Watch his talk below to hear how his team runs the IBM cloud container services. If you're interested in joining us at a future Meetup, you can sign up here.
What I'm here to talk about today is deployment of scale, specifically around the IBM Cloud Container Service. A small plug about myself is I've been with IBM for 22 years. I started off doing SAP deployments within IBM before virtualization and before, we were still running like Token Ring I think at the time. That's how long ago it was. I actually moved from services to doing product development. So we were actually building products, putting them on a CD and mailing them out to customers.
For about the past three years I've been doing cloud development, basically learning what cloud native applications are, what running a service means. We've actually kind of have those journey with an IBM overall, kind of learning how to do this stuff. And what we're going to talk about tonight is where we're at today with the IBM Cloud Container Service.
One of the reasons I put this little arrow in here is when I did all my initial work doing SAP deployments, I'm finding a lot of parallels building, and running, and managing the SAP service, to even actually run a cloud service today. Some of the lessons learned that we took back 20 years ago are still applicable today. So that's the kind of stuff we'll get into as well.

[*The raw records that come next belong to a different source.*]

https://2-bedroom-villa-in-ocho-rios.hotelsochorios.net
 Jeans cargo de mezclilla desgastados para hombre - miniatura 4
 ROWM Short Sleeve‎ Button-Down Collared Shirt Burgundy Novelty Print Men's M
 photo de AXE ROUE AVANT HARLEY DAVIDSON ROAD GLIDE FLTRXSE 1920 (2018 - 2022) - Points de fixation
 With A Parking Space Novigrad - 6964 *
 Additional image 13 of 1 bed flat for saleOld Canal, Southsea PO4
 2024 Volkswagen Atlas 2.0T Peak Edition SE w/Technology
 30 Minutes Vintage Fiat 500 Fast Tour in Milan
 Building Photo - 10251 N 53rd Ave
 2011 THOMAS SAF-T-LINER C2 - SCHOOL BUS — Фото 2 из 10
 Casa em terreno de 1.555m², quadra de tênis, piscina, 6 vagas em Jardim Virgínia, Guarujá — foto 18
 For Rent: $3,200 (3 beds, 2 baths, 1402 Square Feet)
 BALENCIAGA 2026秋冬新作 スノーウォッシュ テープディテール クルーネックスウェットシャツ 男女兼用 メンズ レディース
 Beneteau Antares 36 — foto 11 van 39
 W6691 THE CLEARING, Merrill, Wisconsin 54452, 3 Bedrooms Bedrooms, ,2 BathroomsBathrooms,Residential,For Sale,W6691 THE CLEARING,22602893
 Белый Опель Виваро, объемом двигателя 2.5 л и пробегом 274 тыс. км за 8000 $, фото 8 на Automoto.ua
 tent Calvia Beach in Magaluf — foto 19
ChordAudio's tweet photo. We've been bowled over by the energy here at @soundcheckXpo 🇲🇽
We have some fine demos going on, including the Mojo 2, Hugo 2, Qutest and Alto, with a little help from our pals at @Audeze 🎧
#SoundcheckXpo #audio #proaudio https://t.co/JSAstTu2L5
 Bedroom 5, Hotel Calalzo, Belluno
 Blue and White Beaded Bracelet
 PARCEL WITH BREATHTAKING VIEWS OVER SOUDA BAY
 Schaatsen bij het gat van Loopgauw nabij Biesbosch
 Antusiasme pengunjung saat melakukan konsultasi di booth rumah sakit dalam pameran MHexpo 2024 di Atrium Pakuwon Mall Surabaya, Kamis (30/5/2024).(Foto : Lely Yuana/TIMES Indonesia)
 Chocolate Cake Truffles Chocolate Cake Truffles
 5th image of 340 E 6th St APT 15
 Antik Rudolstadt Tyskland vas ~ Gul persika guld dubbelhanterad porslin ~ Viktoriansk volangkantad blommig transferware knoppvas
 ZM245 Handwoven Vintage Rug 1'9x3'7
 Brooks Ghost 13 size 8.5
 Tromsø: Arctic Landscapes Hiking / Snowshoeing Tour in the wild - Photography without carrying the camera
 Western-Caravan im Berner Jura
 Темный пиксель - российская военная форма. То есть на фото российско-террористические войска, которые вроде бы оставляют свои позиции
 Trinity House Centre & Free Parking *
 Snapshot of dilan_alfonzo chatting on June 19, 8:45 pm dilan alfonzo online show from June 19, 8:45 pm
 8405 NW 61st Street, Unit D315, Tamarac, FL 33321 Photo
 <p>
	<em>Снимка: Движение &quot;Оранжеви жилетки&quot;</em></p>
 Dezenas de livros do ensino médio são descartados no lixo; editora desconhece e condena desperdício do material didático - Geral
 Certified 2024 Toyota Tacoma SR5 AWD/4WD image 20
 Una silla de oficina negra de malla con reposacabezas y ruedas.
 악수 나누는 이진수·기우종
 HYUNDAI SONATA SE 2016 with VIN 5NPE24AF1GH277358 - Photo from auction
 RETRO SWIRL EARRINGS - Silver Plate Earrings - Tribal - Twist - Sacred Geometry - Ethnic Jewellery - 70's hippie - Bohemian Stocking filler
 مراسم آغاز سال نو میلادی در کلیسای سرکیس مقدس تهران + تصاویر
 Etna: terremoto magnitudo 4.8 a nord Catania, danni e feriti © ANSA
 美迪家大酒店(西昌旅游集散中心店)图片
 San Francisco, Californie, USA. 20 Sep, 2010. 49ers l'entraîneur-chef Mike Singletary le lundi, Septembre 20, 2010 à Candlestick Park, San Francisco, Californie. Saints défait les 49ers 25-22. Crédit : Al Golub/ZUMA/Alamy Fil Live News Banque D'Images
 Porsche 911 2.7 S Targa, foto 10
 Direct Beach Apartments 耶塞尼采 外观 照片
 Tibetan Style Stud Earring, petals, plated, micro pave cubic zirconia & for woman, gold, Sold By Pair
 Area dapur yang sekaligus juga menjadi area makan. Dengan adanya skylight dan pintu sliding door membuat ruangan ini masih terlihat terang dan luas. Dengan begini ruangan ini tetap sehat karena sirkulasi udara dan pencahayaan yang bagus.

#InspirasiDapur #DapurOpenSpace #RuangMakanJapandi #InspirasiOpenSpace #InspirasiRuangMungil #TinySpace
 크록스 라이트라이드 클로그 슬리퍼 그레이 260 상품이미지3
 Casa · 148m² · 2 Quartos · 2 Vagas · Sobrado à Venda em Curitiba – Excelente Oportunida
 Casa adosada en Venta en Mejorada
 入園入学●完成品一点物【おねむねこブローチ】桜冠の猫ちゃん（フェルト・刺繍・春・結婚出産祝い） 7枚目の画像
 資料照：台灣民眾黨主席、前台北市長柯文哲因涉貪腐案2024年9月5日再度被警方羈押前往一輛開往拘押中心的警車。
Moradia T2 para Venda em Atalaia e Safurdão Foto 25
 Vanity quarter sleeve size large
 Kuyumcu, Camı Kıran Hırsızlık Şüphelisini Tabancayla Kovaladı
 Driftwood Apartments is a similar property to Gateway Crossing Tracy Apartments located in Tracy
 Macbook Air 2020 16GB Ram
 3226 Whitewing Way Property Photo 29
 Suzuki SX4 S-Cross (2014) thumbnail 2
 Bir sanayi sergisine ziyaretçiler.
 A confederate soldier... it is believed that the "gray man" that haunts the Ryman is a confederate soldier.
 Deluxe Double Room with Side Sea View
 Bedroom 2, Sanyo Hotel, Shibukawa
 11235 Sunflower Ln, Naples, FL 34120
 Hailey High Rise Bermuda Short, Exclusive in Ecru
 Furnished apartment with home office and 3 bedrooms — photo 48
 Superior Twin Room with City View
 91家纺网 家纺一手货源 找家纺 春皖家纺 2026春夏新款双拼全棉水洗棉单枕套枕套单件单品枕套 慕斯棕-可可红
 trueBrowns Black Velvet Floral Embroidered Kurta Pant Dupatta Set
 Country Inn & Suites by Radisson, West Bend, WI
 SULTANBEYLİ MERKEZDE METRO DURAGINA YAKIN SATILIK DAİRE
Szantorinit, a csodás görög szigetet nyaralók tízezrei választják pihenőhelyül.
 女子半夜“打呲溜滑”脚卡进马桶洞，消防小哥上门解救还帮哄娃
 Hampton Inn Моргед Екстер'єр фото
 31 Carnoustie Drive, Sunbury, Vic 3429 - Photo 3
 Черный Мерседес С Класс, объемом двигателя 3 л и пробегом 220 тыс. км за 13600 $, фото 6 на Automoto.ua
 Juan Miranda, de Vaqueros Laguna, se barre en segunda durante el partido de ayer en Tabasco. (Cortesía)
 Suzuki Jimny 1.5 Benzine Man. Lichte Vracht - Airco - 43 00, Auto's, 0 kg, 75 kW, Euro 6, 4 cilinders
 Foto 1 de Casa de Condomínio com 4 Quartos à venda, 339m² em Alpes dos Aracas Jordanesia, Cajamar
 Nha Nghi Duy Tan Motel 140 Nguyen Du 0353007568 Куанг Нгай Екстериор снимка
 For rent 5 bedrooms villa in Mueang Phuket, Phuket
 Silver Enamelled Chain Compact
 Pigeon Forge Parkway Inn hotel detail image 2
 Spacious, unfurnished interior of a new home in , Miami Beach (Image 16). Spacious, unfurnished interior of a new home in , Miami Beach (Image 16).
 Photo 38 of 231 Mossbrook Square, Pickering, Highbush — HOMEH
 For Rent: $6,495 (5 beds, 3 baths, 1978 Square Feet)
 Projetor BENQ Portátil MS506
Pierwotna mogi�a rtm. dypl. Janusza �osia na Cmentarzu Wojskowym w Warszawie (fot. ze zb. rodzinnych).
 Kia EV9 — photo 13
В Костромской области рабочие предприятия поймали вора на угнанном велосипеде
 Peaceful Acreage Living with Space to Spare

And now the plug for the IBM Cloud Container Service, essentially it's hosted Kubernetes. If you go to ibmcloud.com and you say, “I want a new Kubernetes cluster,” you sign up, say, “Create me a cluster,” give some specifications. We do standard Kubernetes clusters using virtual machines or it can even do bare metal boxes. We do all of it for you. We set the clusters up, we manage them, make sure they're secure, all that kind of good stuff.
I'm gonna talk about something called Razee, and I'm pronouncing that wrong on purpose because I don't know how to say it the right way. If you're familiar at all with Kubernetes, you'll realize that everything has this kind of nautical naming to it. There's actually a Wikipedia page that talks about, it's just a list of nautical terms. Once you get into Kubernetes, what you'll find is you'll go to this Wiki page and you'll see this kind of matches what I'm doing. And that's what we do with Razee.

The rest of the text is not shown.